Girl, 10, dies of plague as cases confirmed in six Colorado counties
- Officials said the girl from La Plata County died this month
- State public health officials reported 22 cases of plague between 2005 and 2020
- The disease is spread by bacteria, often carried by fleas.
- The disease has also been present in Colorado since the 1940s.
Colorado health officials are investigating a possible outbreak of plague following the death of a 10-year-old from the ancient disease earlier this month.
Plague, a disease caused by bacteria most often spread by fleas, has been confirmed in six different counties, according to laboratory results from the Colorado Department of Public Health and Environment.
The deceased child lived in La Plata County, southwestern Colorado.
“We are deeply saddened by the loss of this young expatriate and our deepest condolences to the family,” state veterinarian Dr.
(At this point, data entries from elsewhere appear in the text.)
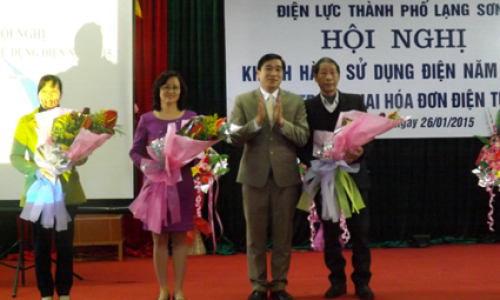 Hội nghị khách hàng sử dụng điện năm 2015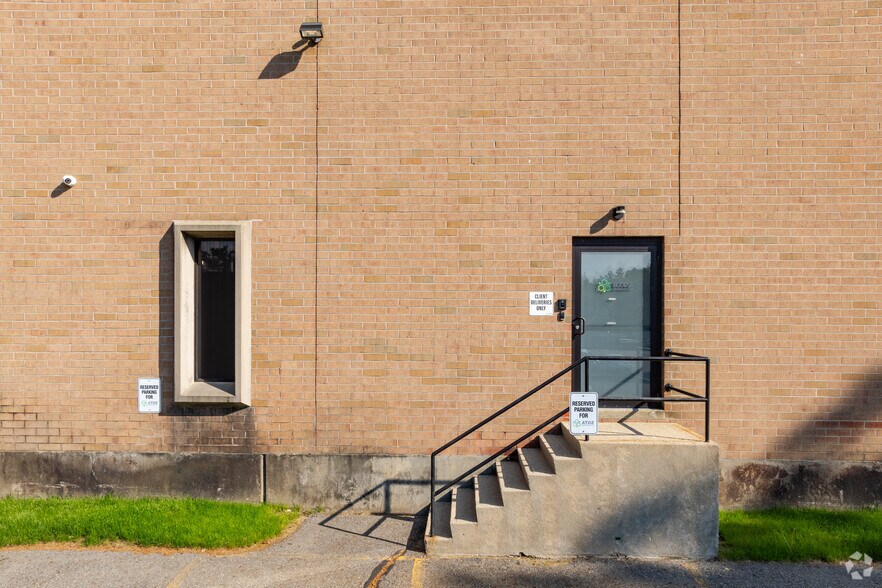 More Photos Of 100-106 South St, Hopkinton Light Manufacturing For Lease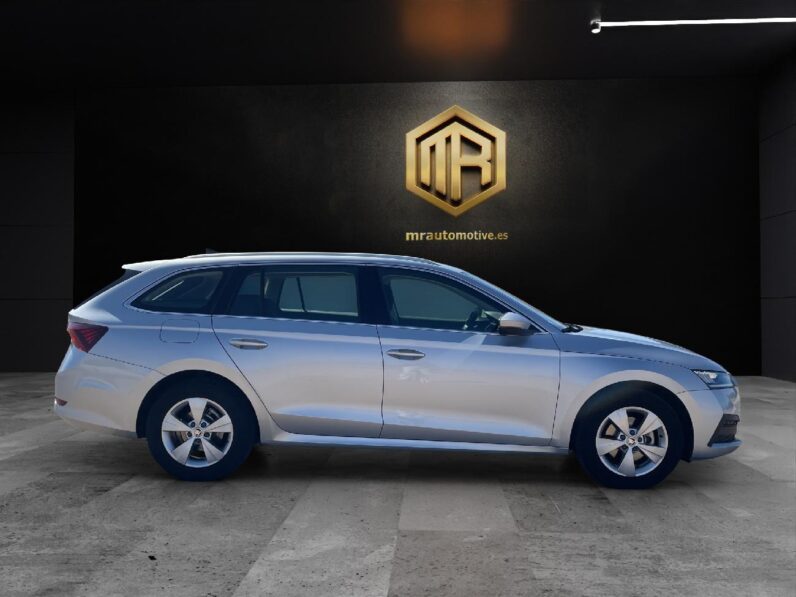 
 Skoda Octavia Combi 2.0 TDI 110kW(150CV) DSG Ambition familiar 2022 full									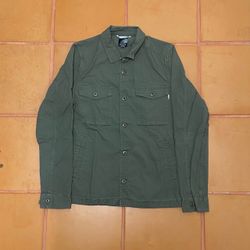 Vuori ripstop army green jacket Mens size medium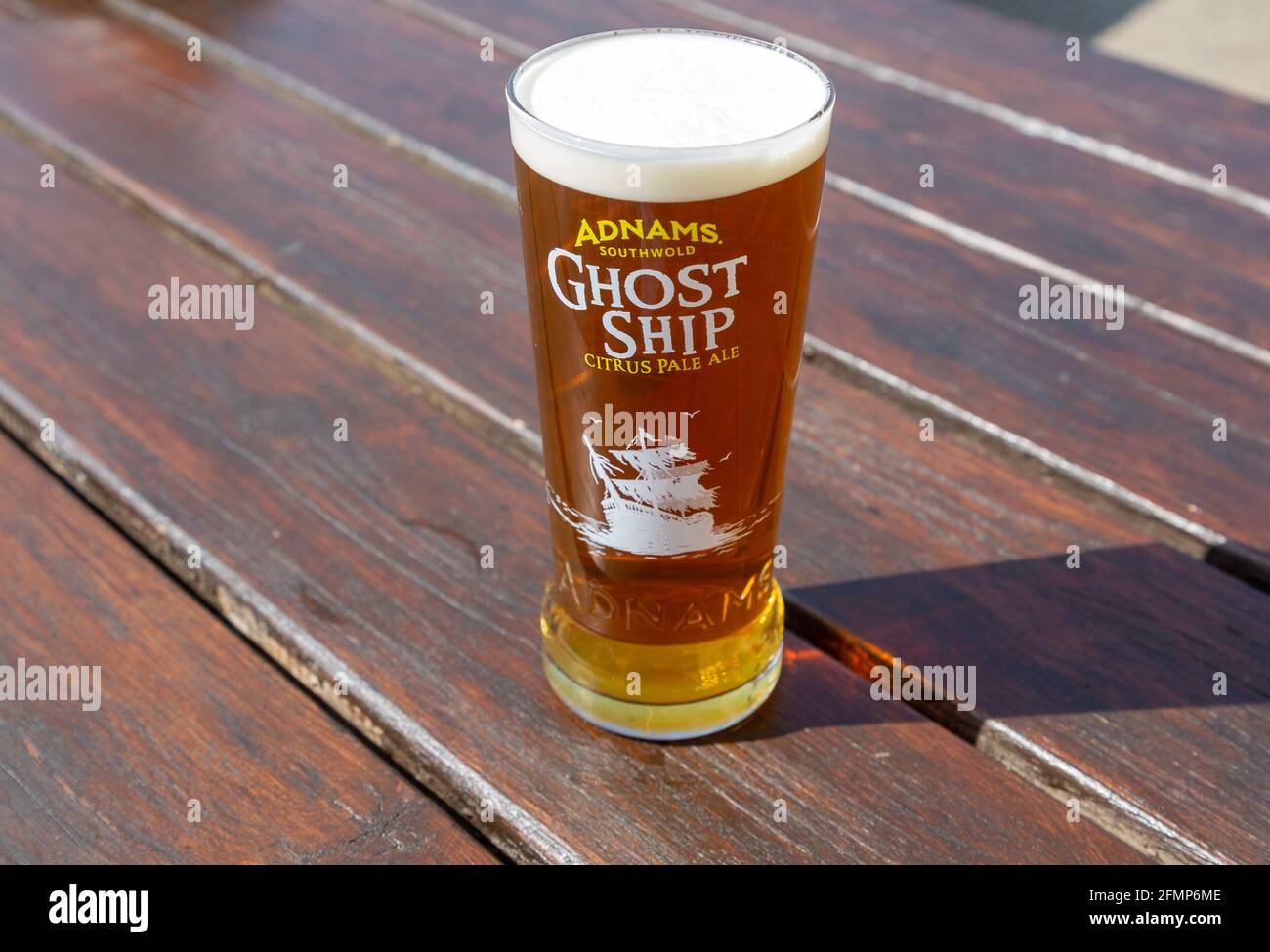 Pint von Ghost Ship Citrus Pale Ale Bier in Adnams Glas, Suffolk, England, Großbritannien Stockfoto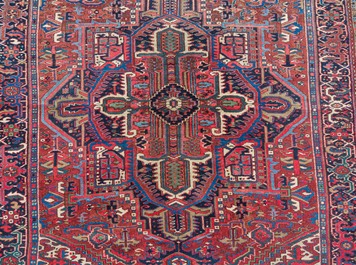 A Persian Heriz rug with floral design, wool on cotton, 20th C.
Jennifer House said in a statement published by the Associated Press.
The bacterium that causes plague, Yersinia pestis, is usually carried by fleas.
Colorado’s La Plata County recorded nine cases of plague between 2005 and 2020
What is plague and how do you get it?
The plague, infamous for killing millions in Europe during the Middle Ages, is caused by the bacterium Yersinia pestis.
Humans usually get plague after being bitten by a flea that carries the plague bacteria, or after handling an animal infected with the plague.
The most common symptom is the rapid development of a swollen and painful lymph gland called a bubo, although flu-like symptoms such as fever, headache, chills, weakness are also common.
It is usually treatable with available antibiotics, although medical intervention is encouraged early for the best chance of full recovery.
In Colorado, cases typically peak in the summer.
Source: Centers for Disease Control and Prevention
‘Public Health is conducting an epidemiological investigation and wants Coloradans to know that the disease is very rare, it occurs infrequently, and to seek medical care if you have symptoms.
The state recorded 22 cases of plague between 2005 and 2020.
Nine cases were in La Plata County.
Antibiotics are highly effective against the disease, but they must be administered within 24 hours of the first symptoms because the infection can cause ‘serious illness or death,’ according to Denver Public Health.
Most of the symptoms are similar to those of the flu: fever, chills, headache, weakness, and cough.
Infection often leads to tender or swollen lymph nodes and skin discoloration.
Those living in the western US, including Colorado, are most at risk, and very ill patients need ‘immediate, intensive care’.
From 2005 to 2021, 568 animals tested positive for plague in Colorado, including 104 cats and dogs.
According to the Denver Post, state health officials did not release a list of the six counties where the disease was most recently found.
On May 18, the DCPHE issued a statement urging residents to take precautions after a squirrel in El Paso County was found infected.
Dr. House said, ‘Plague has been present in Colorado since at least the 1940s, and the state has had the highest number of cases of wild rodents over the years.’
‘While we see most plague activity during the summer, the disease can be found year-round in rodents and is sometimes spread to other wildlife species as well as domestic cats and dogs.’